Just a couple of years ago, astronomers and astrophysicists were baffled by the observation of a synchronized behavior in galaxies, which can not be explained by their individual gravitational fields. Such was the case of a study lead by Joon Hyeop Lee, an astronomer at the Korea Astronomy and Space Science Institute, and published in The Astrophysical Journal in October 2018, reporting hundreds of galaxies rotating in sync with the motions of galaxies that were tens of millions of light years away.
Given the fact that from our known theories, in principle it would be impossible that galaxies separated by megaparsecs (millions of light years) could directly interact with each other, their interaction happens across distances that are too large to be explained by their gravitational force.
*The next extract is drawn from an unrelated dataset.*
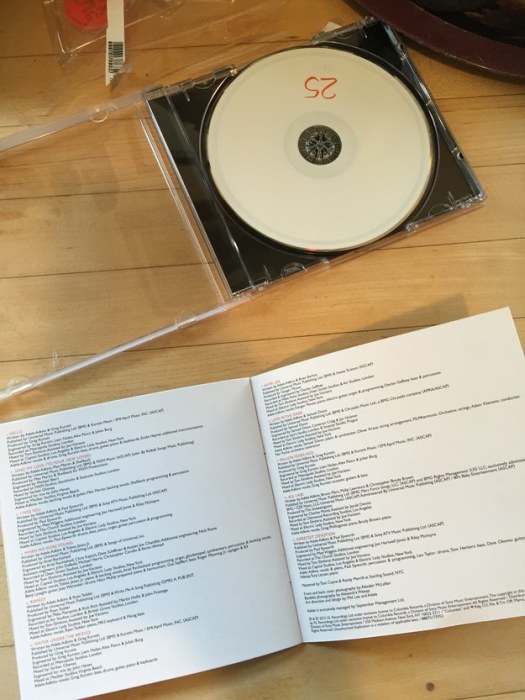 В обиход вновь вернулись инструкции пользования CD-дисками (24 фото)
It is then speculated that some unacknowledged force must be acting.
This discovery came after the 2014 study published in the journal Astronomy & Astrophysics, led by Damien Hutsemékers, an astronomer at the University of Liège in Belgium, where the team observed a similar synchronicity using the Very Large Telescope (VLT) in Chile. By watching the universe when it was only a few billion years old, the observations recorded the polarization of light from nearly 100 quasars. The team used this data to reconstruct the geometry and alignment of the black holes at their cores, and the results showed that the rotation axes of 19 quasars were parallel even though they were separated by several billion light years. The existence of correlations in quasar axes over such extreme distances constitutes a serious challenge to our cosmological principle of the universe as basically uniform and homogenous at extremely large scales.
And the evidence of this connection at cosmological scales increases with the recent study published in January 2021, addressing the so-called plane-of-satellites problem. It refers to the fact that several dwarf galaxies around the Milky Way and Andromeda co-orbit in thin, planar structures, identifying a similar case around the nearby elliptical galaxy Centaurus A (Cen A). This observation poses a real challenge for the standard Λ cold dark matter (ΛCDM) cosmological model.
As explained in the abstract of their paper, “We study the satellite system of Cen A, adding twelve new galaxies with line-of-sight velocities from VLT/MUSE observations. We find that 21 out of 28 dwarf galaxies with measured velocities share a coherent motion. Similarly, flattened and coherently moving structures are found only in 0.2% of Cen A analogs in the Illustris-TNG100 cosmological simulation, independently of whether we use its dark-matter-only or hydrodynamical run. These analogs are not co-orbiting, and they arise only by chance projection, thus they are short-lived structures in such simulations. Our findings indicate that the observed co-rotating planes of satellites are a persistent challenge for ΛCDM, which is largely independent from baryon physics.”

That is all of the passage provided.